Un tournant a lieu en 2001, avec le vote de la « loi Génisson » qui instaure pour les entreprises de plus de 50 salariés une obligation de négocier sur l’égalité professionnelle dans la perspective de signer un accord. Dans cette optique, le RSC est « rénové », repris en main par l’Etat qui fixe un nombre important d’indicateurs obligatoires. Même si l’obligation est renforcée, on reste néanmoins fondamentalement dans un modèle de la confiance, où les entreprises se voient contraintes à une obligation de moyen plus que de résultat. De fait, le RSC reste peu utilisé.

En 2006, la situation va à nouveau évoluer : une loi sur l’égalité salariale –la loi Ameline -oblige les entreprises à résorber les écarts salariaux entre les femmes et les hommes d’ici 2010. Cette date butoir sera finalement supprimée, mais elle entame un changement de logique : le passage d’une seule obligation de moyen –négocier avec les partenaires sociaux –à une obligation de résultat –supprimer les écarts effectifs. Le RSC ne sert plus tant à établir un constat en amont, qui ouvrirait la voie à une prise de conscience, qu’à être un outil de suivi des politiques de réduction des inégalités.

Dans cette optique, une commission présidée par Anne de Ravaran est mise sur pied afin de rendre le RSC plus effectif et appropriable par les entreprises, et aboutit à la création d’une feuille Excel standardisée pour la présentation des données. Progressivement, le RSC devient très investi par différents acteurs, surtout avec l’apparition, à partir de 2013, de sanctions pour les entreprises qui n’ont pas négocié. Les syndicats créent des formations, se mobilisent pour de nouveaux indicateurs. Les cabinets de conseil investissent le marché et aident les entreprises à produire et analyser leur diagnostic chiffré.

L’agence nationale d’amélioration des conditions de travail (ANACT) lance un programme automatisé sous Excel permettant de produire automatiquement ce RSC à partir d’une base de données du personnel. Une récente étude sur les accords d’égalité professionnelle montre néanmoins que le RSC est loin d’être systématiquement mobilisé, ou de façon ambigüe (il sert par exemple souvent plus à légitimer un écart de salaire qu’à mettre en place une politique pour le résorber).

Opacité du code informatique

Le logiciel promu par le gouvernement s’inscrit dans cette logique d’élaboration et d’automatisation du calcul des inégalités, arrimé à une logique d’obligation de résultat.
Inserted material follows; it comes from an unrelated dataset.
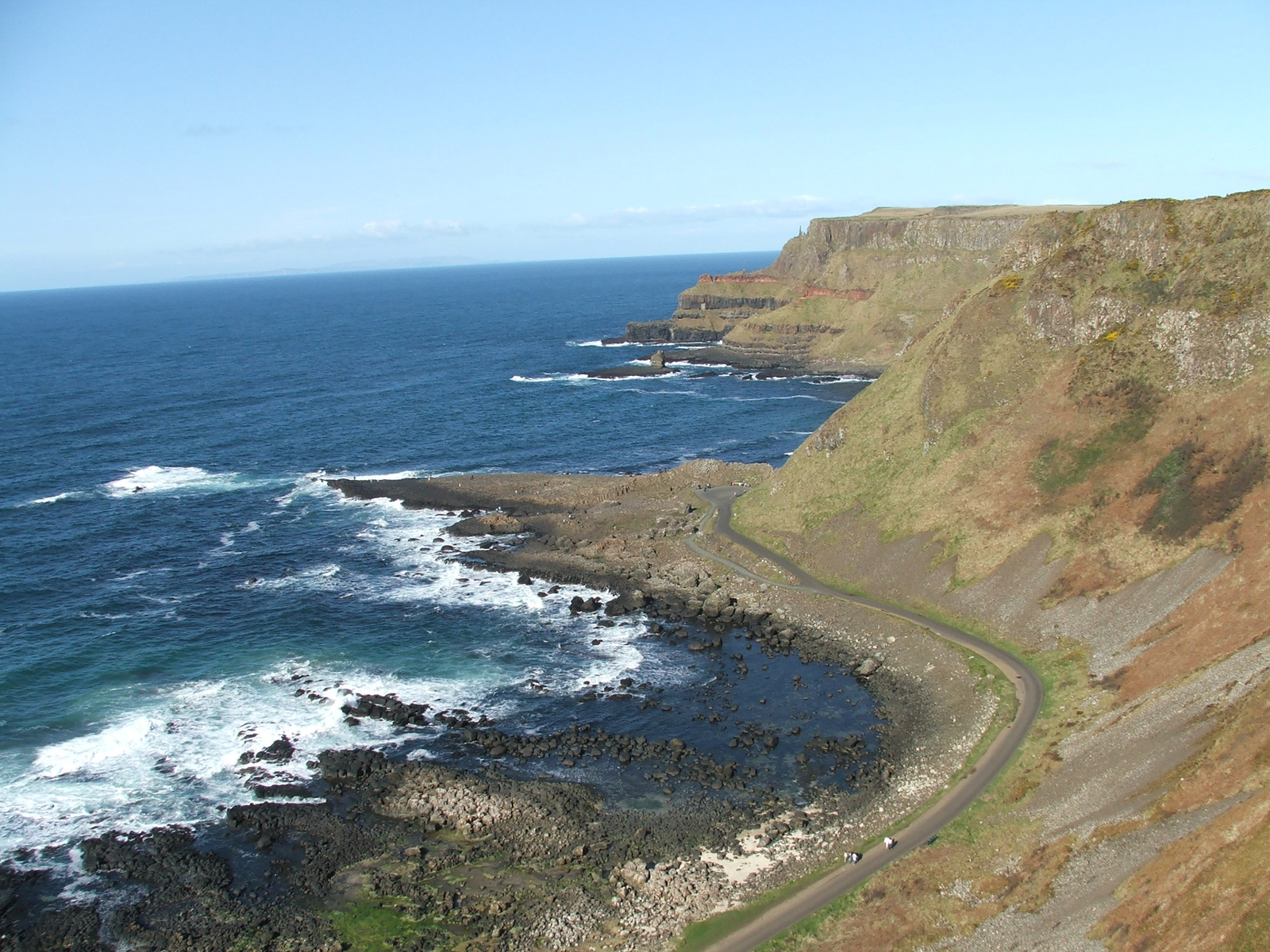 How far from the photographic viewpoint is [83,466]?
4988 inches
Mais il croise également une autre tendance : le développement dans les grandes entreprises de méthodes d’analyse statistique sophistiquées, dites « régression multilinéaire« , pour calculer l’écart salarial entre femmes et hommes « toutes choses égales par ailleurs« , c’est-à-dire en neutralisant les différences d’âge, de diplôme, de postes, etc., la liste dépendant à la fois du choix des utilisateurs et des données disponibles en amont.
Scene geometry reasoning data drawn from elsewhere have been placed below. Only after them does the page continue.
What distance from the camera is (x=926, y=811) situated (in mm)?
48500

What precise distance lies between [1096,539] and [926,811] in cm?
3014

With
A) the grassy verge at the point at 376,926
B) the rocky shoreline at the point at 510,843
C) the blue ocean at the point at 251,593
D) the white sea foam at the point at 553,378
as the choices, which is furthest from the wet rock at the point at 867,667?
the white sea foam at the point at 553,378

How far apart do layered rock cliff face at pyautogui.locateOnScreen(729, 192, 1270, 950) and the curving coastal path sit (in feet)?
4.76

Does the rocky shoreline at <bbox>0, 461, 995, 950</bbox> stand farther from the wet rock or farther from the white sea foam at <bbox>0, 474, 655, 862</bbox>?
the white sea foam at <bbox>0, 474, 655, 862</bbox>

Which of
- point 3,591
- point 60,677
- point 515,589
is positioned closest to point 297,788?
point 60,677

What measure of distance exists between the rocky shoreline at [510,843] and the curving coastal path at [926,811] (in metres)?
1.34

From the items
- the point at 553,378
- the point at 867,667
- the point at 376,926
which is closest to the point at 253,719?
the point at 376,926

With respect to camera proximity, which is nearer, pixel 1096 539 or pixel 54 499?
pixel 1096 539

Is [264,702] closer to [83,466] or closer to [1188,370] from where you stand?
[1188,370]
Ces méthodes font baisser l’écart observé et sont censées extraire un différentiel « pur ». Elles sont néanmoins contestées par certaines économistes et sociologues, ainsi que par des syndicats comme la CGT, qui estiment que les inégalités sexuées se mesurent « toutes choses inégales par ailleurs » car sont systémiques et évolutives (le « poste » des salarié.e.s ne pouvant par exemple pas être isolé de leur genre).

L’utilisation d’un tel logiciel, s’il peut enclencher une dynamique d’action importante pour l’égalité salariale, pose plusieurs interrogations : comment paramètre-t-on l’outil ? Quelles variables prend-on en compte ? Quels critères de fiabilité statistique retient-on ? Selon la façon dont on neutralise les variables d’une équation de salaire, on n’arrive pas au même écart. 26% d’écart salarial brut ? 16% en salaire horaire ? 13% à métier équivalent ? 9% de discrimination pure ? Tous ces chiffres sont « vrais » -et il y en a d’autres possibles -, selon le référentiel, et la grille de lecture politique. La question donc du paramétrage du logiciel -et de ses usages -est fondamentalement politique.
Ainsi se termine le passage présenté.